• About this exercise: Exactly as they stand, copy the lines from the one containing "Women's FOREVER 21" to the final line of the data; leave out the pictures.

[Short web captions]
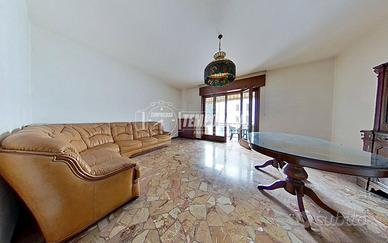 TRICAMERE PIANO BASSO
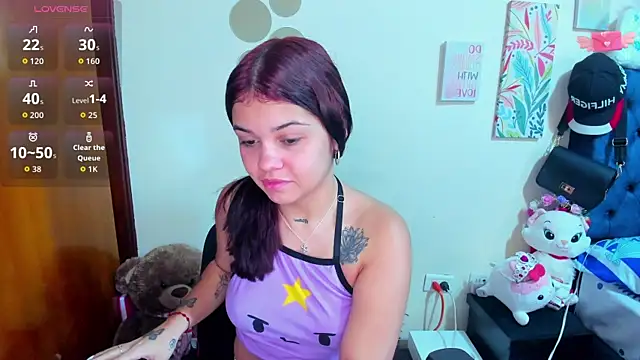 Emma boo online show from 12, 11, 2025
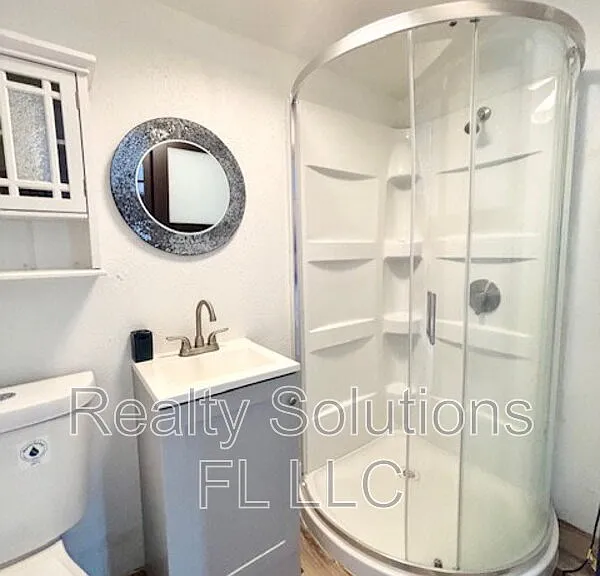 418 Daytona St — Photo 5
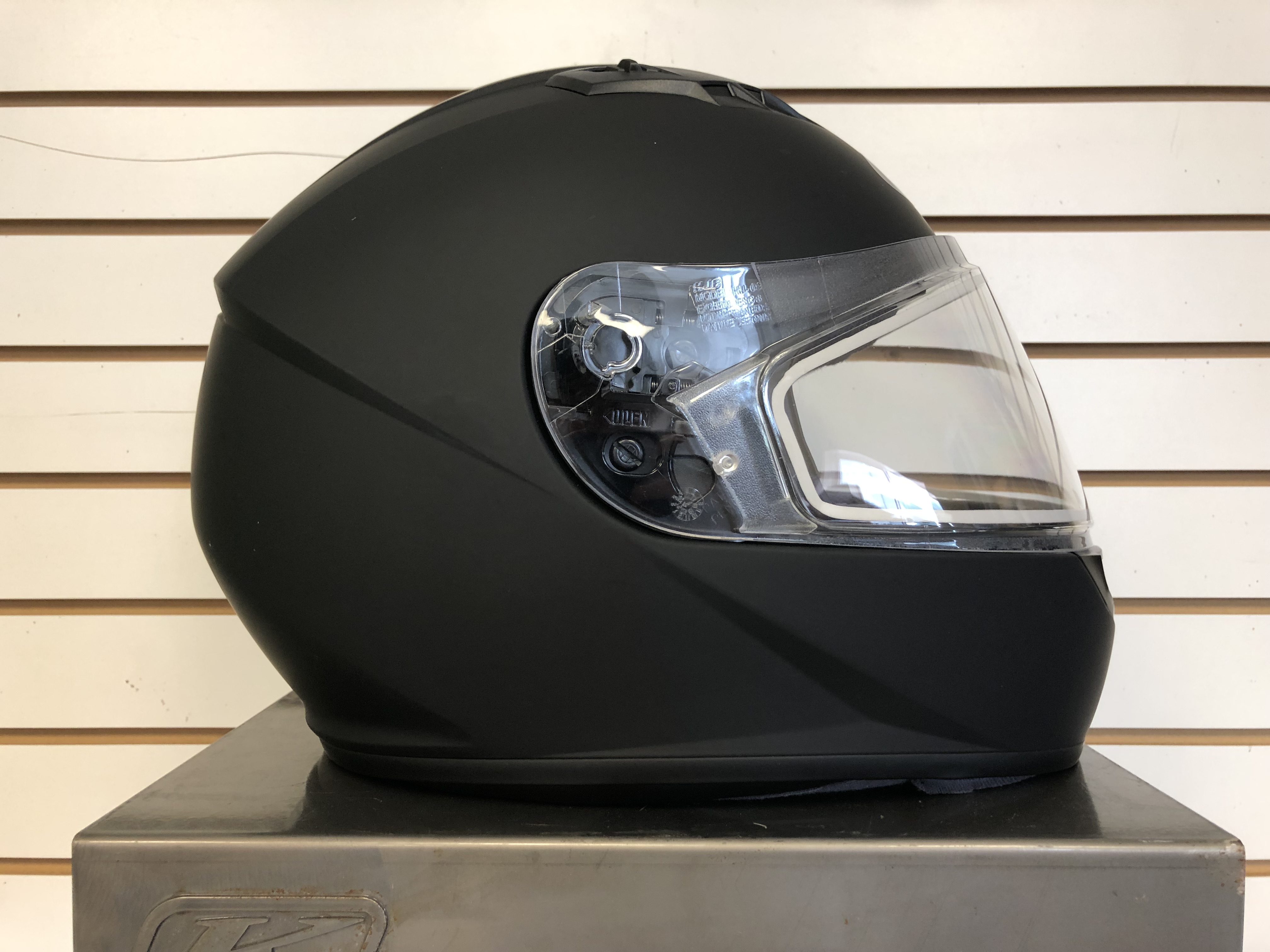 HJC CS-R3 SNOW MATTE BLACK MOTORCYCLE HELMET (LARGE) - DISPLAY MODEL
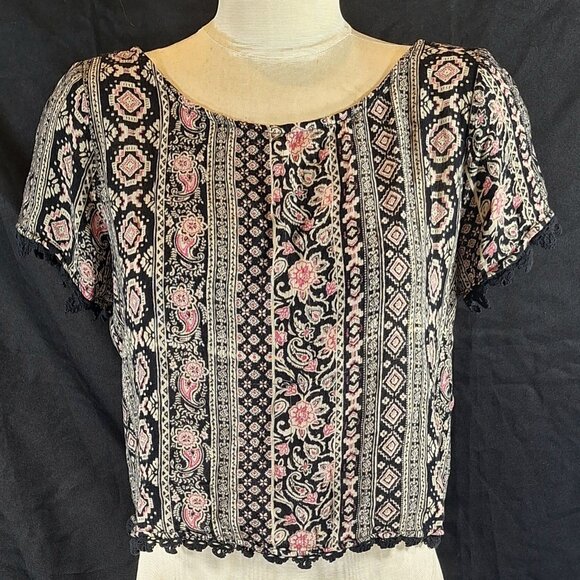 Women's FOREVER 21 Black Pink Floral Paisley Knit Top Lace Trim Size S Cropped - Picture 1 of 4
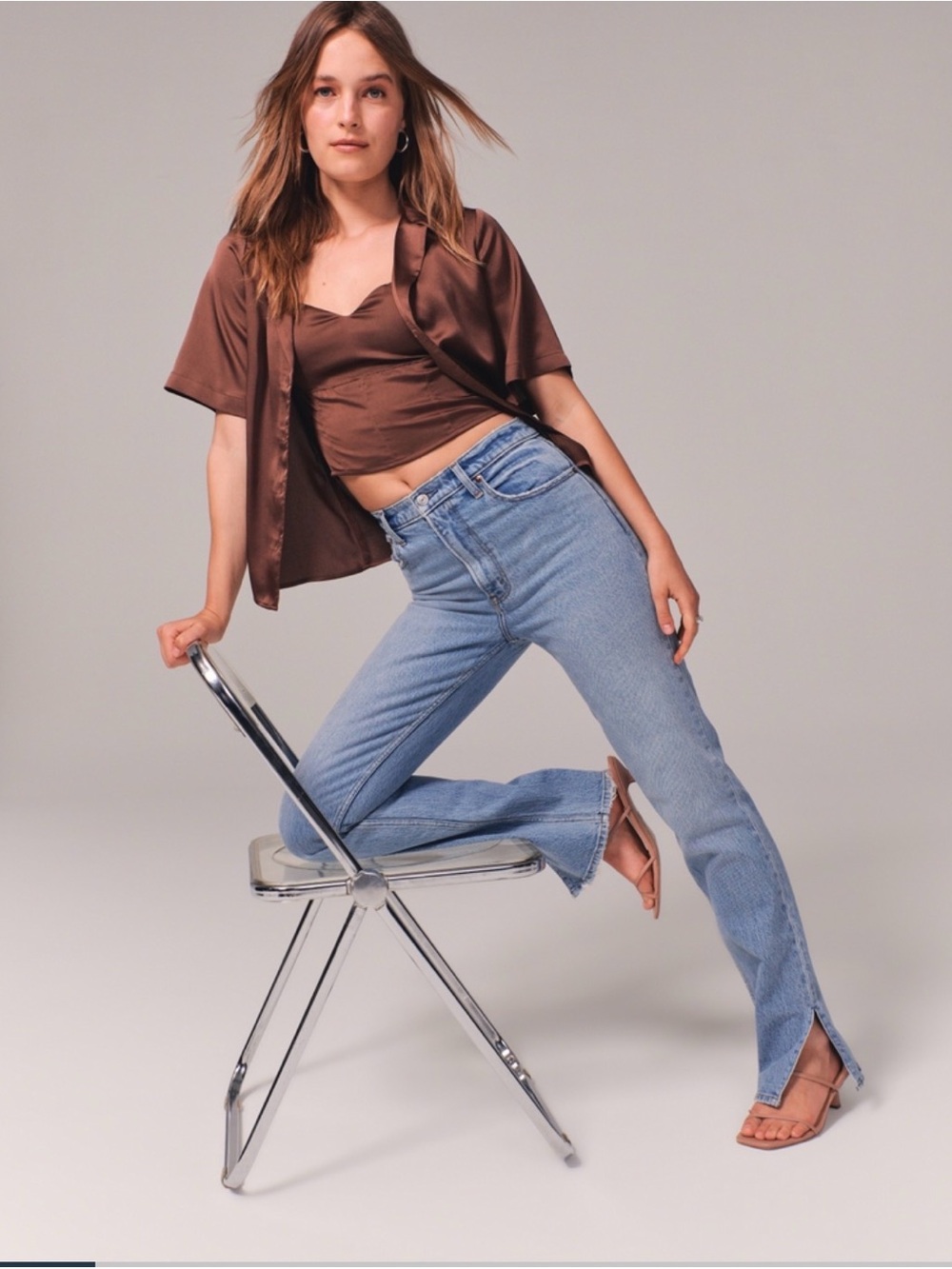 Abercrombie &fitch the ‘90 straight ultra high rise Jean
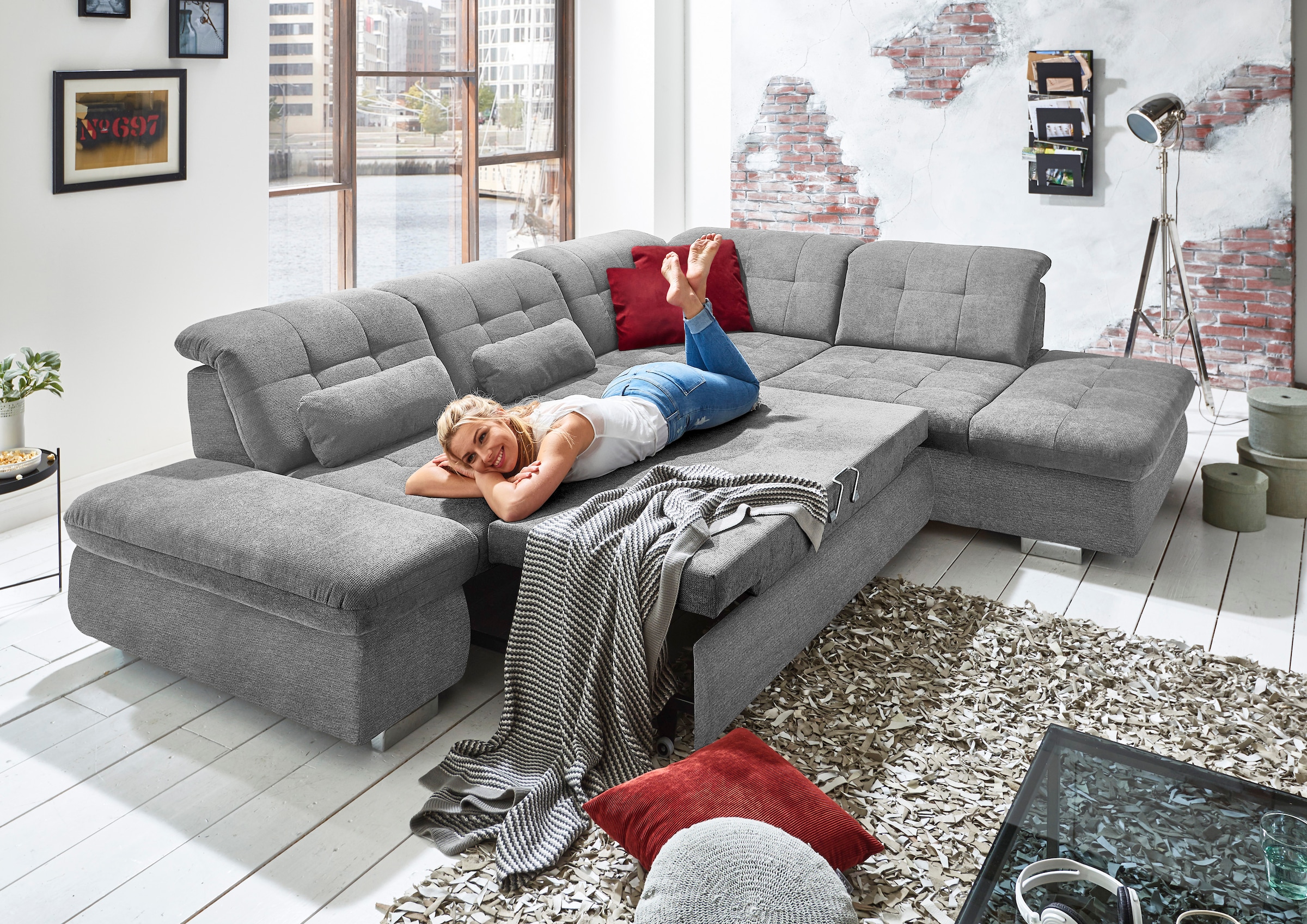 Die PlanBar Ecksofa »MP-IN17004 L-Form«, wahlweise mit Bettfunktion, Sitztiefen- und Kopfteilverstellung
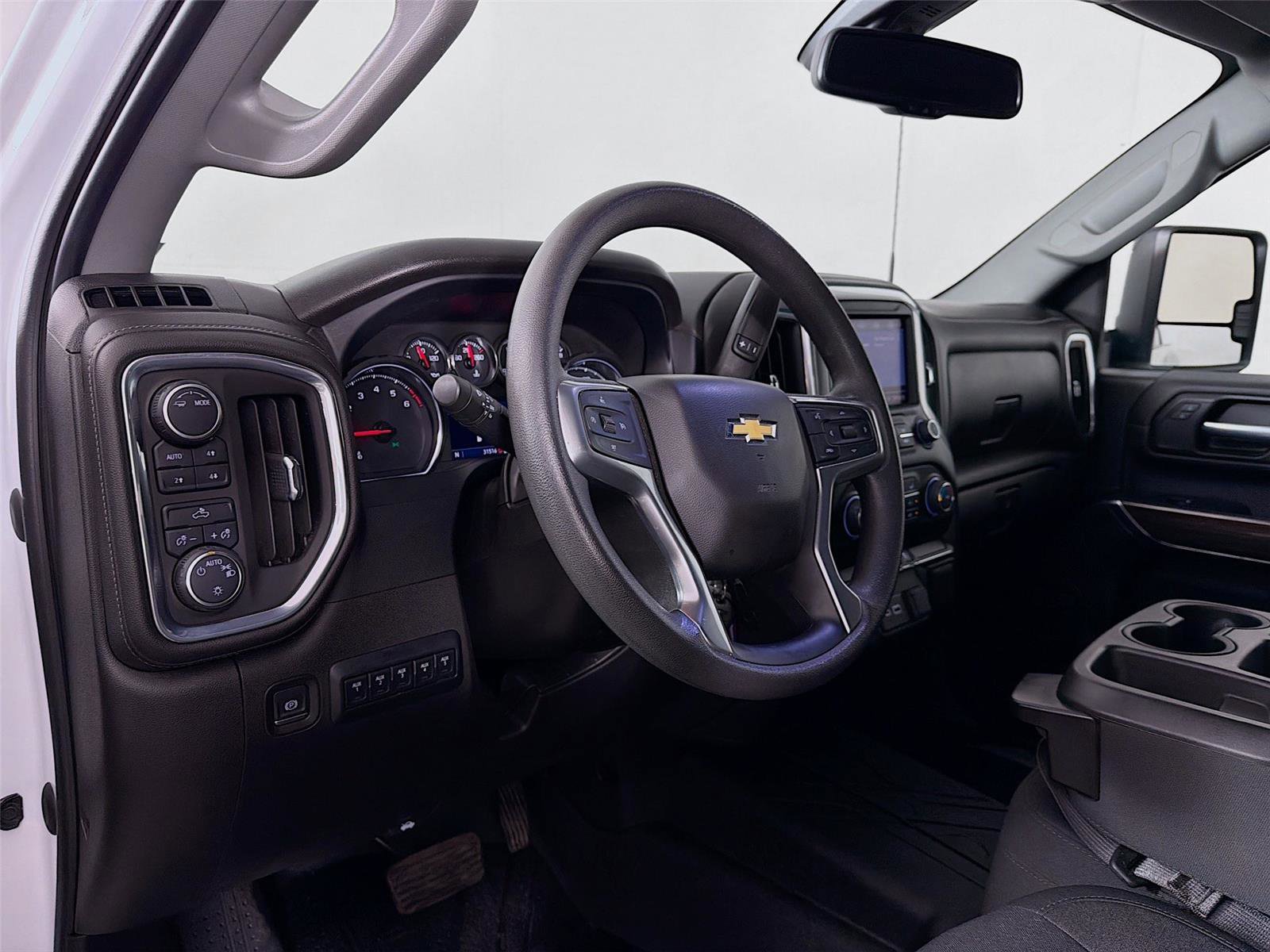 Used 2022 Chevrolet Silverado 3500 LT w/ Gooseneck/5TH Wheel Package AWD/4WD image 9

• Result of the exercise:
 Women's FOREVER 21 Black Pink Floral Paisley Knit Top Lace Trim Size S Cropped - Picture 1 of 4
 Abercrombie &fitch the ‘90 straight ultra high rise Jean
 Die PlanBar Ecksofa »MP-IN17004 L-Form«, wahlweise mit Bettfunktion, Sitztiefen- und Kopfteilverstellung
 Used 2022 Chevrolet Silverado 3500 LT w/ Gooseneck/5TH Wheel Package AWD/4WD image 9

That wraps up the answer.